#### [Given material]
• • • •

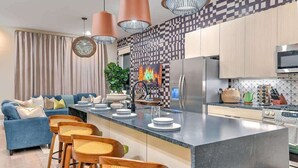 A modern kitchen with a central island, bar stools, a sofa, and a dining area. - Ultra Lux Home - Pool - Hot Tub - Fire pit! 14 Beds (Nashville)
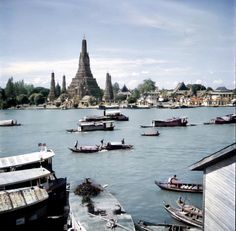 many boats are in the water near some buildings and a large spire is in the background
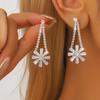 Pendientes de lujo europeos y americanos con diseño de nicho de flores de copo de nieve y diamantes de imitación superbrillantes, pendientes de circonita con temperamento femenino de alta gama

• • • •

#### [Exercise instructions]
Could you transcribe exactly the lines running from the one with "many boats are" to the final line of the material above, both included, with no pictures?

#### [Answer space]
 many boats are in the water near some buildings and a large spire is in the background
 Pendientes de lujo europeos y americanos con diseño de nicho de flores de copo de nieve y diamantes de imitación superbrillantes, pendientes de circonita con temperamento femenino de alta gama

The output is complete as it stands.